Les huit nations qui se partagent l’Arctique sont réunies cette semaine à Tromsø en Norvège pour discuter de leurs frontières au Pôle Nord. En ligne de mire : l’exploitation des ressources naturelles et la souveraineté en Arctique.
Le Pôle Nord fond à vue d’œil. Pendant l’été 2012, le réchauffement climatique atteint de nouveaux records libérant une grande partie de l’Océan arctique de la glace. Les scientifiques bataillent ferme sur l’ampleur de cette fonte. Habituellement, la route maritime qui traverse le nord du continent américain, le Passage du Nord-Ouest, n’est ouverte que quelques semaines par an. Depuis l’invention des images satellites et probablement même depuis l’optimum climatique médiéval (entre l’an 800 et 1200), jamais les mers, les golfs et les détroits de l’Arctique n’ont été aussi libres de glace que l’été dernier. Les grandes puissances rêvent, depuis des siècles, d’une route commerciale passant par le Pôle Nord. Celle-ci réduirait de 6 000 kilomètres le trajet de Londres à la Chine. La question de la souveraineté de ce passage n’est pas une mince affaire. Pour les Canadiens, il est canadien, pour les Américains, il pourrait dépendre du droit maritime international.
Il est fort peu probable que le Passage du Nord-Ouest soit navigable toute l’année, mais de nombreux territoires et des eaux du Grand Nord sont de plus en plus accessibles. Et qui dit territoires et eaux accessibles dit richesses. Il est question d’un quart des ressources naturelles en gaz et en pétrole, de diamants, d’or, d’étain et de platine, pour ne nommer que quelques produits primaires. La Norvège, la Finlande, la Suède, l’Islande, le Danemark, les États-Unis, le Canada, la Russie ont beaucoup à miser sur l’exploitation de cette manne nouvelle pour retrouver leur indépendance énergétique. Alors l’ampleur de la fonte des glaces ravive bien des convoitises.

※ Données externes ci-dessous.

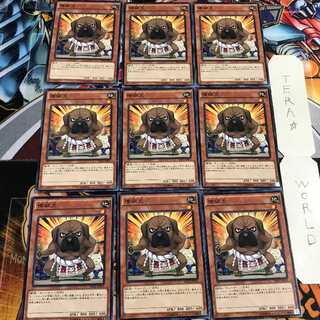 横綱犬 2 ノーマル 9枚セット てら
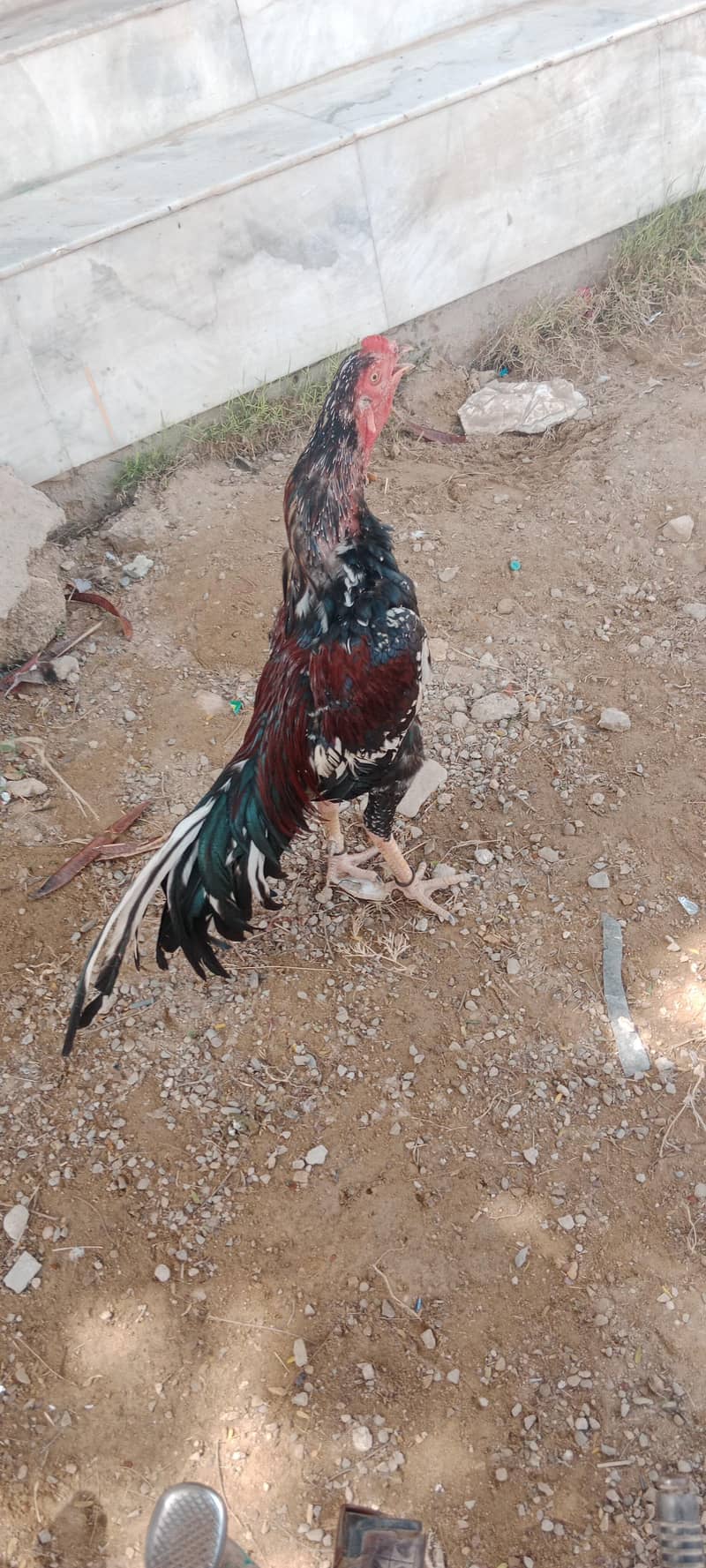 high quilty long tail patha 1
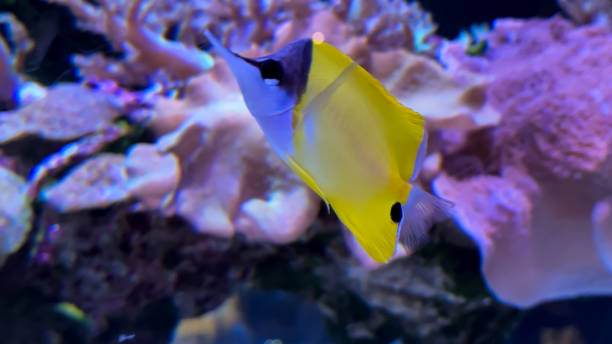 istock The beautiful views in AQUARIUM 2161276868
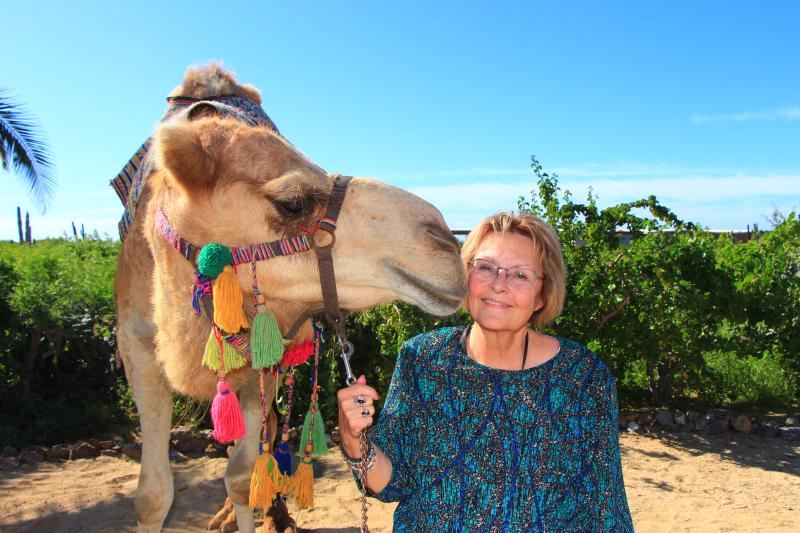 Camel Mexican Outback Adventure With Lunch Csl Shore Excursions Carnival Cruise Line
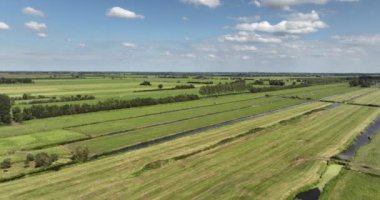Hava görüntüsü Hollanda 'nın kırsal kesiminde, inekler küçük su nehirleri ve çim arazileri otlatıyor. Brids bakış açısı.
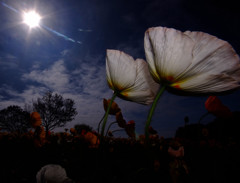 風に吹かれて・華
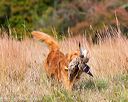 20171007-wcxl-0038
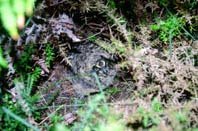 Primeros datos de cría del 
búho campestre en Galicia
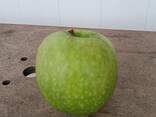 Яблоки из Кавказа - photo 6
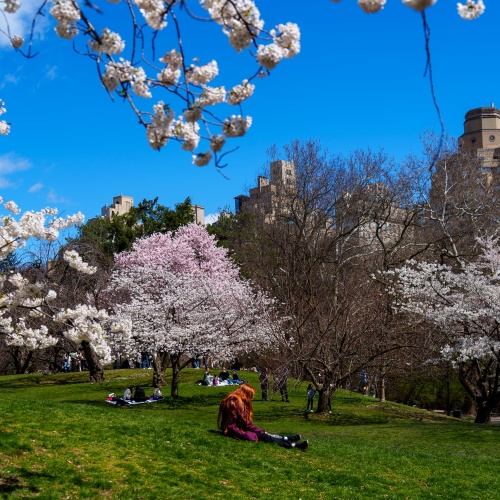 Cerisiers en fleurs &agrave; New York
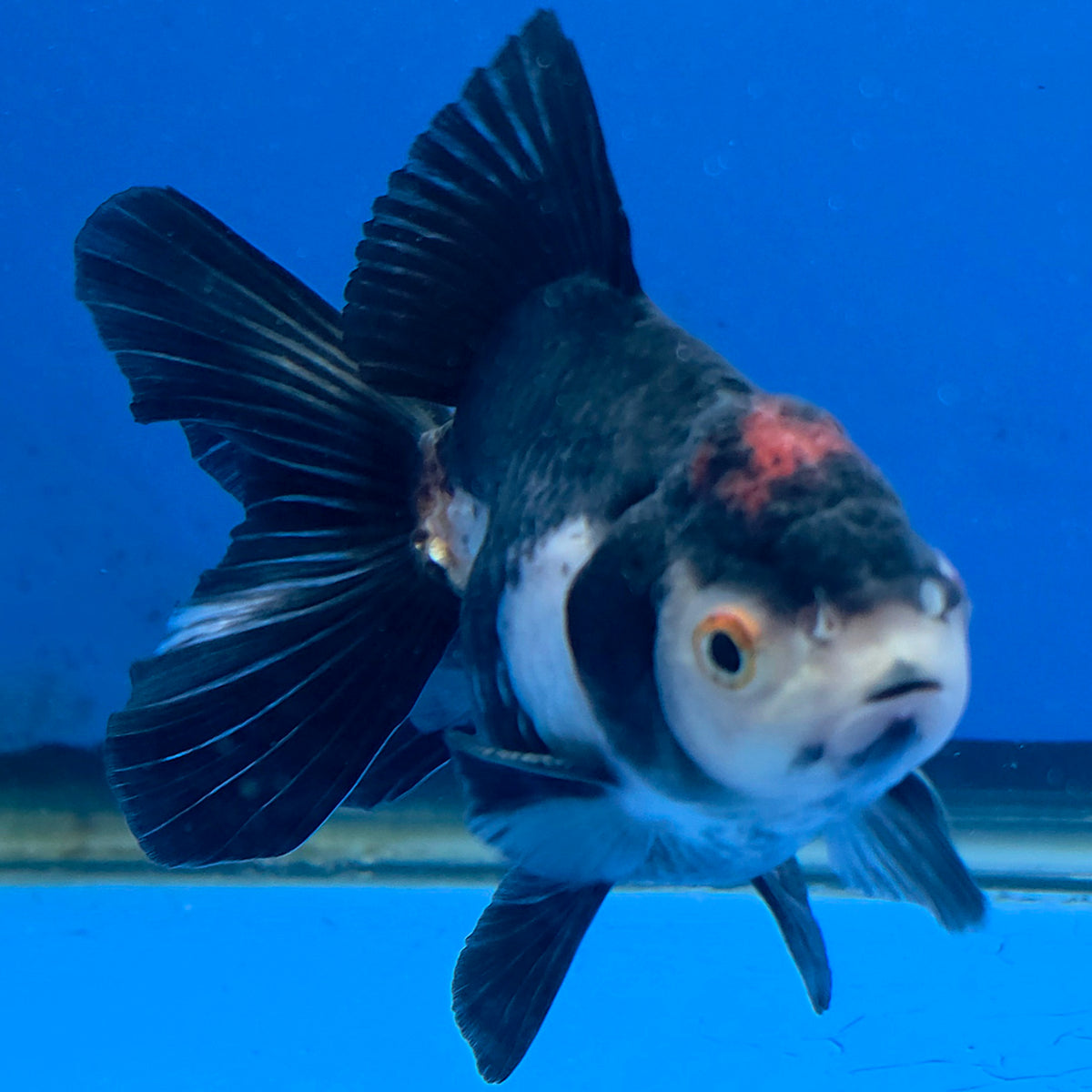 Thai Oranda Red Cap Panda 3.25” Male(FEB-889)R2B09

Dans ce coin du monde qui n’est pas entièrement cartographié, la question des frontières est complexe. Pendant que la Russie dépense des moyens scientifiques gigantesques pour planter un drapeau en titane à moins quatre mille mètres sous le Pôle Nord, d’autres se battent pour étendre leurs zones d’exploitations des ressources bien au-delà de celles autorisées par l’ONU. Et les points de conflits sont nombreux : en mer de Beaufort entre le Canada, les États-Unis, au Svalbard entre la Norvège et la Russie, au large de Saint-Pierre-et-Miquelon entre la France et le Canada… Les régions dont les côtes s’étendent grâce un inlandsis (une épaisse barrière de glace) sont aussi la source de grands différents. C’est le cas au Groenland par exemple.

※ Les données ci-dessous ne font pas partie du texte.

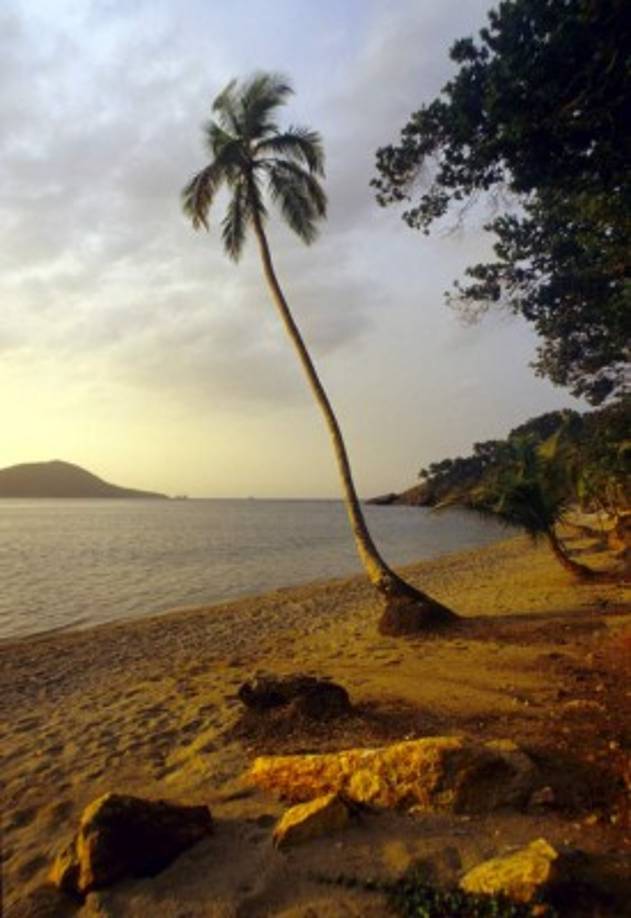 Cayos Cochinos se ubica a 40 kilómetros al noreste de La Ceiba. No solo es el mar, sus arrecifes y playas son sus mayores atractivos. También la vida cultural de sus habitantes de la etnia garífuna.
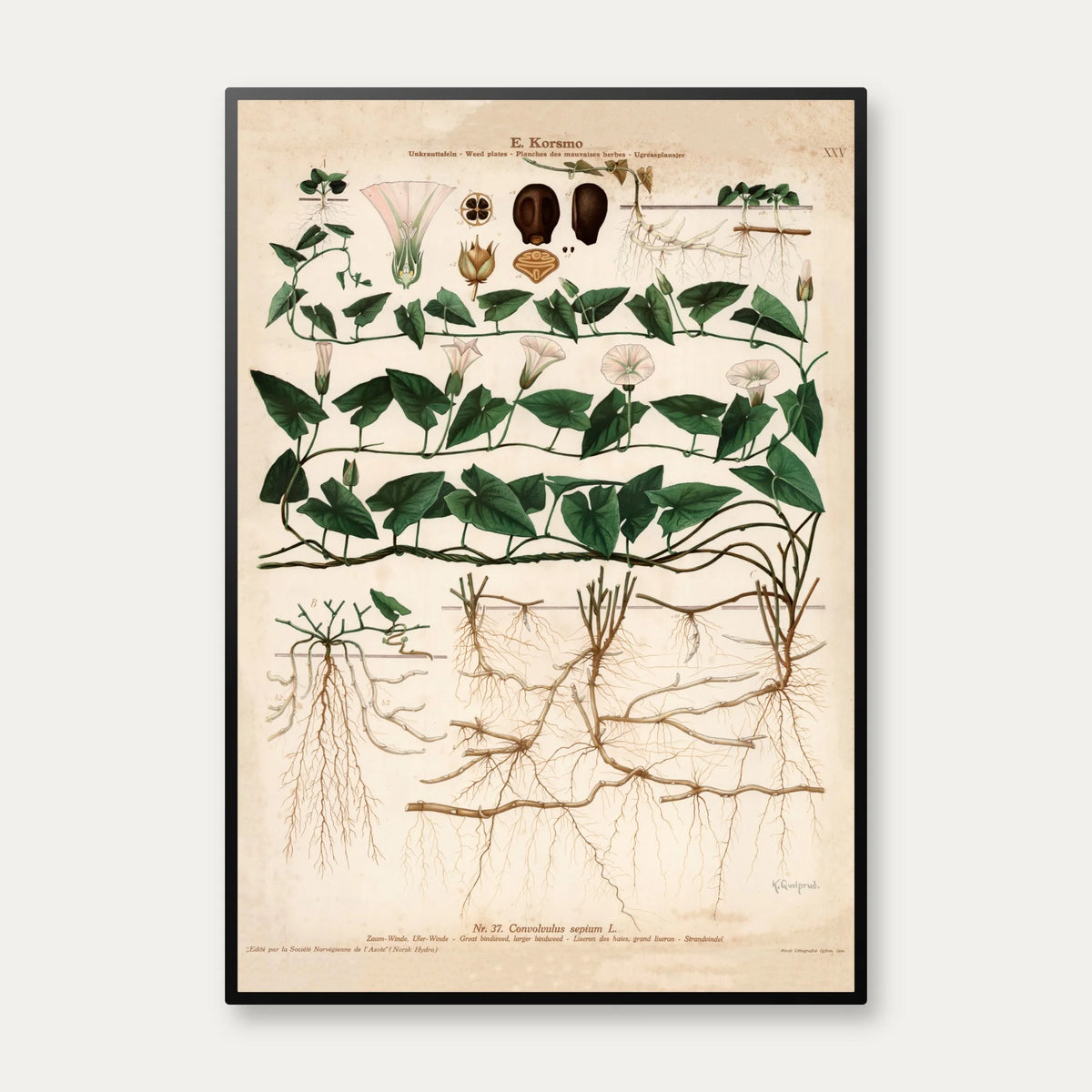 Stor snerle 1913 - Botanisk plakat – billede 1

Cette semaine, les huit grandes puissances de l’Arctique sont invitées à débattre de leurs frontières en Norvège. Les débats sont essentiellement axés sur « l’analyse de la productivité marine ». Le sort des ours, des phoques et des populations locales semble bien dérisoire. De « la productivité marine », découleraient donc, pour les huit grandes puissances de l’Arctique, les nouvelles frontières à tracer.